Hyperpole in the Le Mans 24 Hours race is a run-off between the fastest 24 of the 62 cars to determine the positions on the starting grid. Generally, it involves the first six qualifiers of each class on the track, amounting to 24 cars, but for this year, only 23 cars will compete in the Hyperpole. It’s because there are only five Hypercar entries, who all progress straight into the half-hour session.

In 2020, Hyperpole was introduced for the first time by the Automobile Club de l'Ouest (ACO) to allow cars to demonstrate pure speed on the 13.626 km long circuit for Le Mans 24 Hours race. The outcome would give the top six places in each class on the starting grid.

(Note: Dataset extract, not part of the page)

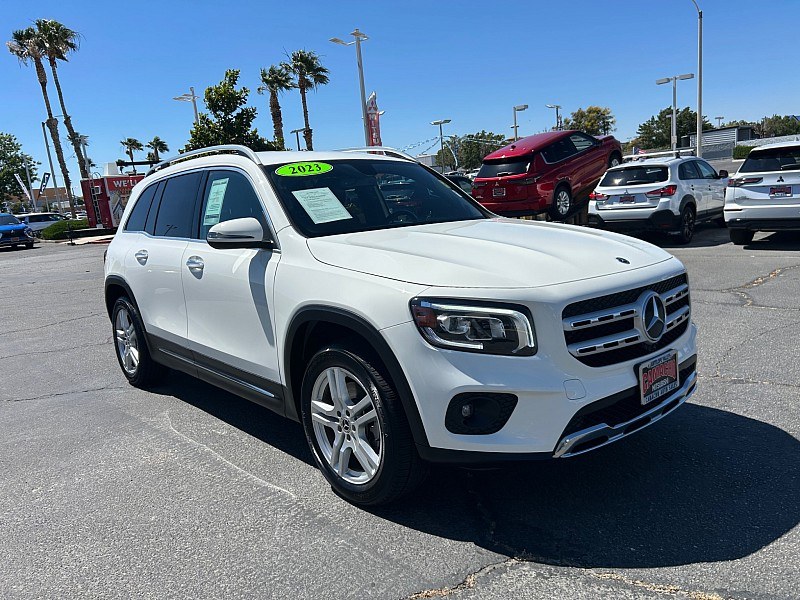photo of 2023 Mercedes-Benz GLB 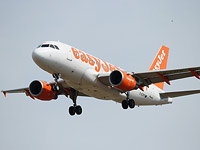 Самолет EasyJet совершил вынужденную посадку в Венеции после того, как пилот потерял сознание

Back then, Pierre Fillon, the President of ACO talked at length about the reasons why Hyperpole was introduced in the first place. He was quoted as saying, “(It will be) guaranteeing two exciting sessions for both drivers and spectators, where all the focus will be on sheer speed in a quest for the perfect lap. Adrenalin, suspense and concentration will be at a max for every team out there.”

“It will be a thrilling prelude to the ensuing 24-hour battle on our iconic 13 km track. Le Mans will once again be a celebration of racing that goes on for several days, and not just a weekend,” he further stated.

Furthermore, during Hyperpole, competitors are free to choose their tyres, but it is limited to eight for the whole session. Also, they are not allowed to return to the pits to refuel while the half-hour session goes on.